半年がかりで書き上げた長編が、やっと見本になった! 推理作家・有栖川有栖は、この一瞬を味わうために神田神保町の珀友社にやってきた。会議室に通され見本を心待ちにしていると、同業者の赤星学が大きなバッグを肩に現れた。久しぶりの再会で雑談に花を咲かせた後、赤星は会議室を後にした。「行ってくる。『海のある奈良』へ」と言い残して…。
翌日、福井の古都・小浜で赤星が死体で発見された。

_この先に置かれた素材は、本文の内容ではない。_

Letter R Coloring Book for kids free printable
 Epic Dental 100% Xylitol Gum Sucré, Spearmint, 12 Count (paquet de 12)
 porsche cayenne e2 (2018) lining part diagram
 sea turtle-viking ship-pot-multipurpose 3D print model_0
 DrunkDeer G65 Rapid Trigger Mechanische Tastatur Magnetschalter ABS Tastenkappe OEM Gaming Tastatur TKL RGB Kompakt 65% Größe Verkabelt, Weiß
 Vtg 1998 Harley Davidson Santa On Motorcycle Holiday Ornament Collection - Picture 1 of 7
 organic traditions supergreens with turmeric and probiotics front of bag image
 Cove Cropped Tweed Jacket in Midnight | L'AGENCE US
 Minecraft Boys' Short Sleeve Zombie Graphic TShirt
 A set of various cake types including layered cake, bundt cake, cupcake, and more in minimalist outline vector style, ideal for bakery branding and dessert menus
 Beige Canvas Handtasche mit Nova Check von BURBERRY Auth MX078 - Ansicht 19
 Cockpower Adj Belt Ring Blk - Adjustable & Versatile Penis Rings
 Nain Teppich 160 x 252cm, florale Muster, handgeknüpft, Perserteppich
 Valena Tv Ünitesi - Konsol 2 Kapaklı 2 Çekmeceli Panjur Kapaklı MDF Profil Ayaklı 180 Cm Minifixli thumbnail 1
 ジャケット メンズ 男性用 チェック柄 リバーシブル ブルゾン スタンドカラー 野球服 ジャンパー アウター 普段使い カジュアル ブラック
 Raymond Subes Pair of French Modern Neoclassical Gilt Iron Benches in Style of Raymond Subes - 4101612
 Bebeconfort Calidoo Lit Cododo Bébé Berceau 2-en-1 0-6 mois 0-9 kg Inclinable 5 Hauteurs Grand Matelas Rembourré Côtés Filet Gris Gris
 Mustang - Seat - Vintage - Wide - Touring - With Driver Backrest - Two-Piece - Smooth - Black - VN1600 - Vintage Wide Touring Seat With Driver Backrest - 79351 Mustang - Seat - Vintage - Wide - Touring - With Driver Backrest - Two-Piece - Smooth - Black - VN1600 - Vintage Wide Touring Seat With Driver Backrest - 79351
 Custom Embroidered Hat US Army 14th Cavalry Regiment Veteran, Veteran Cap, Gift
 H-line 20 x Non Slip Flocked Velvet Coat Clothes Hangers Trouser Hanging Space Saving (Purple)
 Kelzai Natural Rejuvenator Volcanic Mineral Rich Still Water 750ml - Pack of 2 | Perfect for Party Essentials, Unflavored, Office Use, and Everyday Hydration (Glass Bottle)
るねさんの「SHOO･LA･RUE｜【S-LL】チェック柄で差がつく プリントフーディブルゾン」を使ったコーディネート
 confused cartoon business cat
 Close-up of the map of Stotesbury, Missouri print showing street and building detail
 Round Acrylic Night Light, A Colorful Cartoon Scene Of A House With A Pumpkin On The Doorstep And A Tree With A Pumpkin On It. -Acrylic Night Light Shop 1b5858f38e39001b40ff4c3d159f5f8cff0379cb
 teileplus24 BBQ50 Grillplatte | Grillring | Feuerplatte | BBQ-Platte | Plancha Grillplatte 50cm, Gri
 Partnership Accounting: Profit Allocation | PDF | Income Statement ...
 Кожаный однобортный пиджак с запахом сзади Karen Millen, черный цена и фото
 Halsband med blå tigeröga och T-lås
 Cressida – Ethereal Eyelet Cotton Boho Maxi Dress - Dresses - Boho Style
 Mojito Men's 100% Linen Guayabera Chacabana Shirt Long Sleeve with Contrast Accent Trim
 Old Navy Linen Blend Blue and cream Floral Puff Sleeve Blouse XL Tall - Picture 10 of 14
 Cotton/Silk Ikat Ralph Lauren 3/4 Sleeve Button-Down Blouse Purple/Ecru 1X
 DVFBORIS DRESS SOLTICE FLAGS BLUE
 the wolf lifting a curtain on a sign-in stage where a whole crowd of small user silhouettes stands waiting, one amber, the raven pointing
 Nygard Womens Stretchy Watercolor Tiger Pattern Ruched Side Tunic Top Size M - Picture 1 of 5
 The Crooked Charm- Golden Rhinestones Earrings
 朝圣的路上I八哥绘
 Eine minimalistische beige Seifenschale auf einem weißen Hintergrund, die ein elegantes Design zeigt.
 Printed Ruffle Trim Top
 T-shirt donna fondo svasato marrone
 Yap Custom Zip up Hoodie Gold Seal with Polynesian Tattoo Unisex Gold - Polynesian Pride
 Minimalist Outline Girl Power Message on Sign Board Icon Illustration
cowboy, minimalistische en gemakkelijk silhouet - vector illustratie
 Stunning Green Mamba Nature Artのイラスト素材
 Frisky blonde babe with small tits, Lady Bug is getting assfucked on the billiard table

赤星と最後に話した関係者として、有栖は友人・火村英生と共に調査を開始するが―!?
複雑に絡まった糸を、大胆にロジカルに解きほぐす本格推理。

トラベルミステリー的な雰囲気と、それに伴っていろんなウンチクが語られるのはいいのだが、なんかすっきりしない話だった。火村英生の推理が冴え渡ったという感じでもないし、真相究明に至るロジックがどうも甘いというか、いろんな伏線がきっちり回収されていきながら真相へ収束するという感覚が味わえない。そしてそもそもの「『海のある奈良』とは?」という問いに対する答が中途半端に終わってしまっている。そのせいもあってか、最後に明らかになる意外な人間関係も今ひとつインパクトを欠く。